*Task prompt:* Where does the string "Used" appear in the material? Copy each line that holds it.

*Data supplied:*
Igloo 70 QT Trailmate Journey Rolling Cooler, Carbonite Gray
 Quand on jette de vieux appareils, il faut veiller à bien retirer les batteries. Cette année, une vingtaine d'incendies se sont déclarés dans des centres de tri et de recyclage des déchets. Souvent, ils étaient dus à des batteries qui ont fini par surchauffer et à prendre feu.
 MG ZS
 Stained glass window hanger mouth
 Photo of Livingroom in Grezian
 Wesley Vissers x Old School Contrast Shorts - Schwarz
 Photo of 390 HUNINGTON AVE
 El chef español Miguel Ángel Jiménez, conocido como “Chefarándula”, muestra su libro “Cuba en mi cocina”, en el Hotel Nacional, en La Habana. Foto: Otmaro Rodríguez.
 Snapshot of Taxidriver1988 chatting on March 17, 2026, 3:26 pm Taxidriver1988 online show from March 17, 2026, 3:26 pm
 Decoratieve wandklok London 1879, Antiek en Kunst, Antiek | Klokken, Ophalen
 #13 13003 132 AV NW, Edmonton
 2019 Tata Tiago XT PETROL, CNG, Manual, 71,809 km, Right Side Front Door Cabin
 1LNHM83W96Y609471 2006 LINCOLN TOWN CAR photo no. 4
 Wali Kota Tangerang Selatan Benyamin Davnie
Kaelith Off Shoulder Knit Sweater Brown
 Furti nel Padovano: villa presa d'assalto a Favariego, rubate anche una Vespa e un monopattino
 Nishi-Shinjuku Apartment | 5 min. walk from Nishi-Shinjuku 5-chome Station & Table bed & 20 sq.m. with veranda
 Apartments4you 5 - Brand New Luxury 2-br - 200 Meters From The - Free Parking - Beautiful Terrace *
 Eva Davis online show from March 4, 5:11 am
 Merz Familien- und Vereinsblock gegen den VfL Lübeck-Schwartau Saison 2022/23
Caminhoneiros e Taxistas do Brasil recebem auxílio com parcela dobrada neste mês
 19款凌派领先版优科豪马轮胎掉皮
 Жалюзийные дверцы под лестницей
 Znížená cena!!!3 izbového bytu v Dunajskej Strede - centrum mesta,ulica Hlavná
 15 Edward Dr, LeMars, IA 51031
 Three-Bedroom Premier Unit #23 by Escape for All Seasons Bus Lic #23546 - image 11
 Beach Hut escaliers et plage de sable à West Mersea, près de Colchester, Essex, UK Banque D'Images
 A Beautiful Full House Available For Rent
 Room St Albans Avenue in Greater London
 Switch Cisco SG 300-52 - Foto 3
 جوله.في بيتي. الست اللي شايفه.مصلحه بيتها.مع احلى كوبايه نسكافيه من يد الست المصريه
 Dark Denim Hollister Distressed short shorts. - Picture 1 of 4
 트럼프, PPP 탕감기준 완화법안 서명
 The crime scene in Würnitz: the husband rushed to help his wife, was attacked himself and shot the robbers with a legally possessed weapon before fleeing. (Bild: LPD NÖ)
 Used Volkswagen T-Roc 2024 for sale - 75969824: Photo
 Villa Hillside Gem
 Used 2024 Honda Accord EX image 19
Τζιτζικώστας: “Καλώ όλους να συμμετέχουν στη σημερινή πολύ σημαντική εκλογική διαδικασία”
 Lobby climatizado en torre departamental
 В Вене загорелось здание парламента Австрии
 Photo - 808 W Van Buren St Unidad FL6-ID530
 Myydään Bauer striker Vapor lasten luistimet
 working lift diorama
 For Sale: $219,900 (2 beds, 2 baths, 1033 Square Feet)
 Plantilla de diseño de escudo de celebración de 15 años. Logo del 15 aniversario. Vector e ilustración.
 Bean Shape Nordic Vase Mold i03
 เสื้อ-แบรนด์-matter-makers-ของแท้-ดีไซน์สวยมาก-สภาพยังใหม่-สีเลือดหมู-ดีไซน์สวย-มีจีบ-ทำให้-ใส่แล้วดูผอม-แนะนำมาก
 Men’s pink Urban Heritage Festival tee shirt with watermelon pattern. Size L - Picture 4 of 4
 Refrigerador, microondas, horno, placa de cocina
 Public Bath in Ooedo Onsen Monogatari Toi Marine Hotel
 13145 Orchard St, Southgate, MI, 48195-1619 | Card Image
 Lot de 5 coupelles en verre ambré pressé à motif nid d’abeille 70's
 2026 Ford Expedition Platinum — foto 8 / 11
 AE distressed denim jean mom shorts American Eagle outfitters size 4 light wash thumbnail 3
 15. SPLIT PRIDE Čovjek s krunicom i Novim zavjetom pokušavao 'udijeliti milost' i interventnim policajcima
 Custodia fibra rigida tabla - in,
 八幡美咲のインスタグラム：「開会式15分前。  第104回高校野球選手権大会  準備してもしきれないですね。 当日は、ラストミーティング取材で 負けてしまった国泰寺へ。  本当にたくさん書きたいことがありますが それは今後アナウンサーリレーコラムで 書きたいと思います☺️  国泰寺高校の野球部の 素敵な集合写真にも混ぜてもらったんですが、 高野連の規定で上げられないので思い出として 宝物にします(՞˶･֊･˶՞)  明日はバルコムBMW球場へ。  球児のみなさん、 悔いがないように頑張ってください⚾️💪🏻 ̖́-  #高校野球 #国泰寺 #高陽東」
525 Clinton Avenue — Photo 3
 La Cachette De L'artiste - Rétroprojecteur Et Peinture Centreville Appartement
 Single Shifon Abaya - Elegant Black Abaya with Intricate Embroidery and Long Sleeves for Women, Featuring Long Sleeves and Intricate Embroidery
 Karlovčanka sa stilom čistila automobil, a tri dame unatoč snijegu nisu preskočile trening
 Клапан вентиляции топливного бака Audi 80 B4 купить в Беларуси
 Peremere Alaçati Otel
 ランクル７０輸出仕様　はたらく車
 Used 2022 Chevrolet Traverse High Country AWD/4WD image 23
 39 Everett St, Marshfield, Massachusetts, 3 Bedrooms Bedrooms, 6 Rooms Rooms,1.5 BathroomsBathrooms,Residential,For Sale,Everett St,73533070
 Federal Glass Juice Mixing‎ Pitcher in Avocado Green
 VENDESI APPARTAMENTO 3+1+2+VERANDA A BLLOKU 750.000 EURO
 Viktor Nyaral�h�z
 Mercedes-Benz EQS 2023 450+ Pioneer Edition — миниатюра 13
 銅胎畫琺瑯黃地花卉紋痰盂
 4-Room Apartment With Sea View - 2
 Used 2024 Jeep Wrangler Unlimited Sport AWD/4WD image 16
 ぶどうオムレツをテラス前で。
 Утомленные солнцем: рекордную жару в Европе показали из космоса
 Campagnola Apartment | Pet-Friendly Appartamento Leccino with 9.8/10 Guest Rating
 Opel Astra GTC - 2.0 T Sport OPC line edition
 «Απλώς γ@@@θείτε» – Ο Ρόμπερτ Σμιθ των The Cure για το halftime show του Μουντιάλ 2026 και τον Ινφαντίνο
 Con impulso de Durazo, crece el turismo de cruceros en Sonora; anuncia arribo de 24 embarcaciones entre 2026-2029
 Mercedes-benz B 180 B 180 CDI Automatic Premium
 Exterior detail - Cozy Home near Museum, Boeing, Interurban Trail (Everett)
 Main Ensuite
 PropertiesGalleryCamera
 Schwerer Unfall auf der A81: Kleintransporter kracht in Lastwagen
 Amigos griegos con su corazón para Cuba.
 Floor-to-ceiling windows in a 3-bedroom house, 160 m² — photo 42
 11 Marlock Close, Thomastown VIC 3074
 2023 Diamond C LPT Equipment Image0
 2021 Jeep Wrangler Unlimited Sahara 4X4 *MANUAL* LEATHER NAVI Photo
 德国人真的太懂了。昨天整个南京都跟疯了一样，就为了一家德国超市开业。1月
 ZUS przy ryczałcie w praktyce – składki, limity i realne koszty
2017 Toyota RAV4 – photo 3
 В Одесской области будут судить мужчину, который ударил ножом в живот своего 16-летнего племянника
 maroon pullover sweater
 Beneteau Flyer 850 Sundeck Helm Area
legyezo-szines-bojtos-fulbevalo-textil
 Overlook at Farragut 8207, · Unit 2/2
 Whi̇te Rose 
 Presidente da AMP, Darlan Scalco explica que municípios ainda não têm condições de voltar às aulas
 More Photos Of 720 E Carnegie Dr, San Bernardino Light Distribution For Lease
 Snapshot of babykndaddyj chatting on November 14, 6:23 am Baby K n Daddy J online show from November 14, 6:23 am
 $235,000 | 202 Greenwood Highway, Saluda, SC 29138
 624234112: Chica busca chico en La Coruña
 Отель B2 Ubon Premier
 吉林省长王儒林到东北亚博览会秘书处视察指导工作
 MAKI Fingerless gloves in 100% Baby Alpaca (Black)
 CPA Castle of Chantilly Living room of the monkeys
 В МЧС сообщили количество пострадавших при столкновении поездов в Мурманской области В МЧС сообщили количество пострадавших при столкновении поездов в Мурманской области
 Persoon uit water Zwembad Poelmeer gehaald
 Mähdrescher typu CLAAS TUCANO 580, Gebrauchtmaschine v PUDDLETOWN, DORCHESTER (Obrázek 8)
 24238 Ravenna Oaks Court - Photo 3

*Exercise output:*
 Used Volkswagen T-Roc 2024 for sale - 75969824: Photo
 Used 2024 Honda Accord EX image 19
 Used 2022 Chevrolet Traverse High Country AWD/4WD image 23
 Used 2024 Jeep Wrangler Unlimited Sport AWD/4WD image 16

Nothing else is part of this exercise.